From what I understand science does! Example, We know that individual scientist are bias, hopefull and cant be trusted to be objective and that is why science has built in systems to protect scientist from their own subjectivity, That is why they have double blind expiriments and do peer reviews.
Scientist know that they are just as foulable as anyone else as they are so eager to get their hypothesis proven. This is why they have all of these methods to protect them from their own credulity.Smile

I think they do, naturally...They all say the others are full of shet, which means they are all full of shet...
0 Replies
 
Extrain
 
  1  
Reply Mon 10 May, 2010 01:34 am
@reasoning logic,
reasoning logic;162191 wrote:
From what I understand science does! Example, We know that individual scientist are bias, hopefull and cant be trusted to be objective and that is why science has built in systems to protect scientist from their own subjectivity, That is why they have double blind expiriments and do peer reviews.
Scientist know that they are just as foulable as anyone else as they are so eager to get their hypothesis proven. This is why they have all of these methods to protect them from their own credulity.Smile


But what do we do when the entire scientific community is biased?
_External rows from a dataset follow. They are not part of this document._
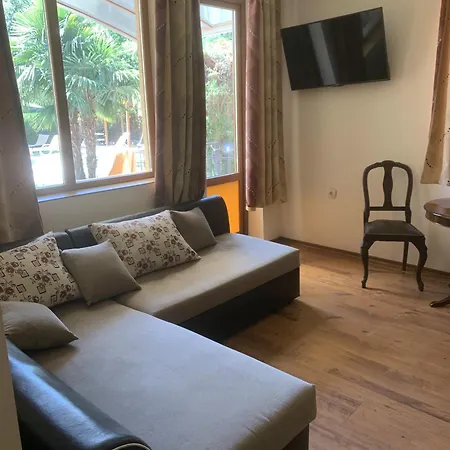 Gasthof Complex Maxim - Sea View And Free Parking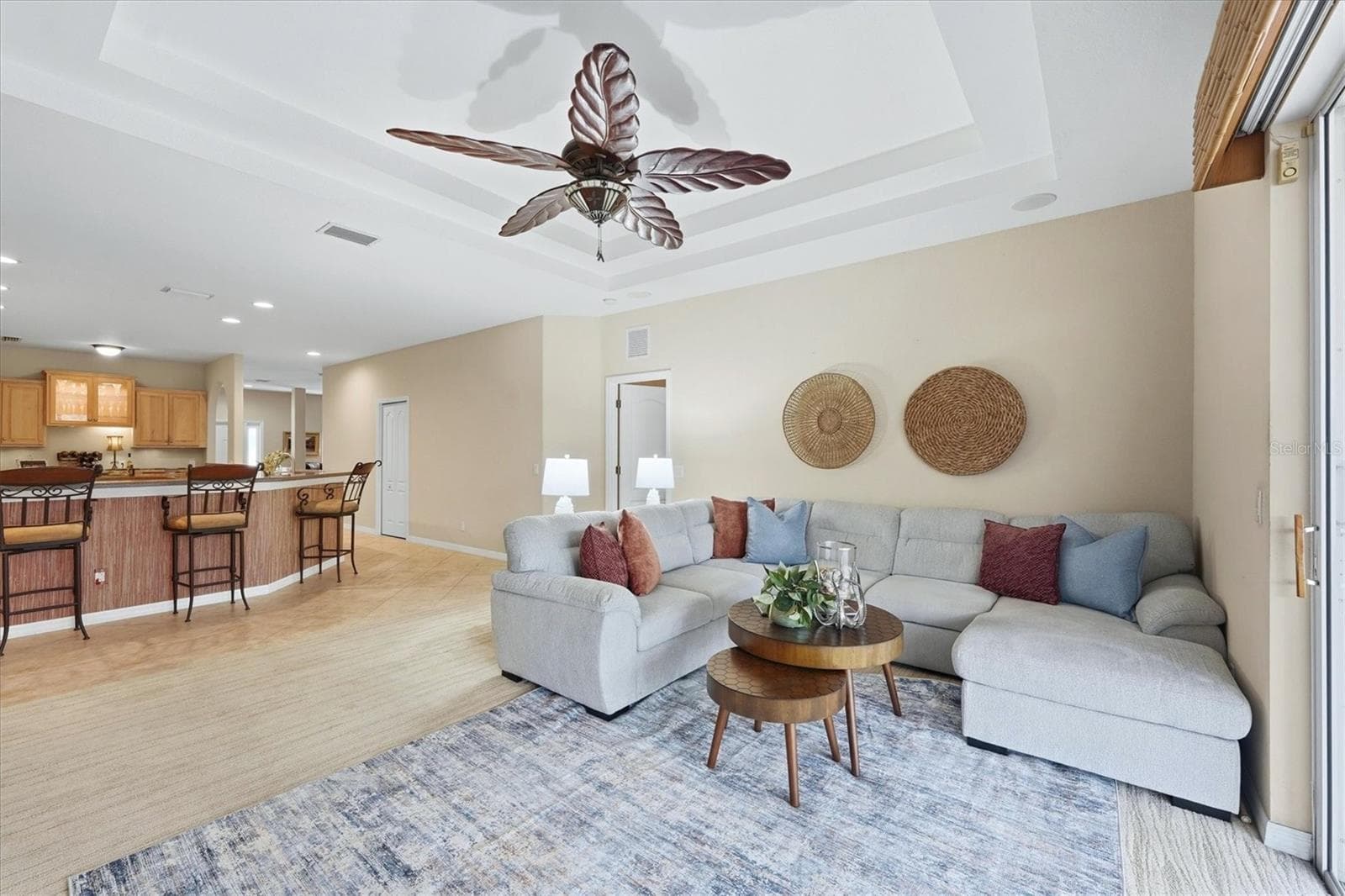 Living Room - 11347 DANCING RIVER DR, VENICE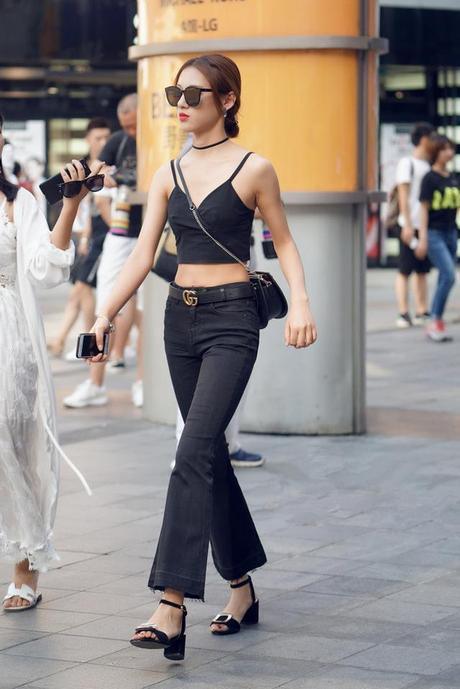 街拍，美女身材丰满，穿着修身，很有女人味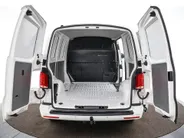 Volkswagen Bedrijfswagens Transporter 2.0 TDI 150pk DSG L1H1 28 · Apple/Android Car Play · Afneembare Trekhaak · Cruise Control · Airco · Navigatie · Parkeersensoren ·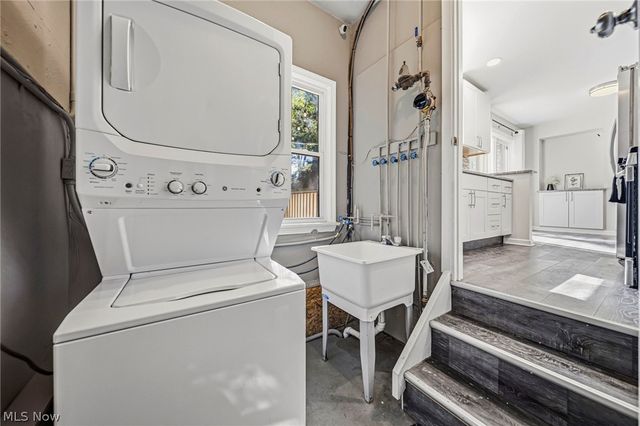 913 Glenside Road, South Euclid, OH 44121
So called "scientific objectivity," when relativized to the current accepted scientific paradigm of the day, is actually very subjective, personal, social, and normative--not "factual." Scientists time and again will maintain their theories in spite of disconfirming evidence against those theories.

We see this all the time when a scientific theory is faced with disconfirming evidence in such a way that mainstream scientists will actually blame a failed experiment on the alleged mistake of the researcher, and not as a result of a fundamental flaw of the accepted scientific theory itself. As anomalous results in failed experiments build up, science reaches a crisis, at which point a new paradigm, which replaces the old, is accepted.

I'm sure you don't just blindly accept as true what most scientists say in a given time period just because most of them happen to think a certain way at that time. Theories of old are always being discarded in favor of new theories.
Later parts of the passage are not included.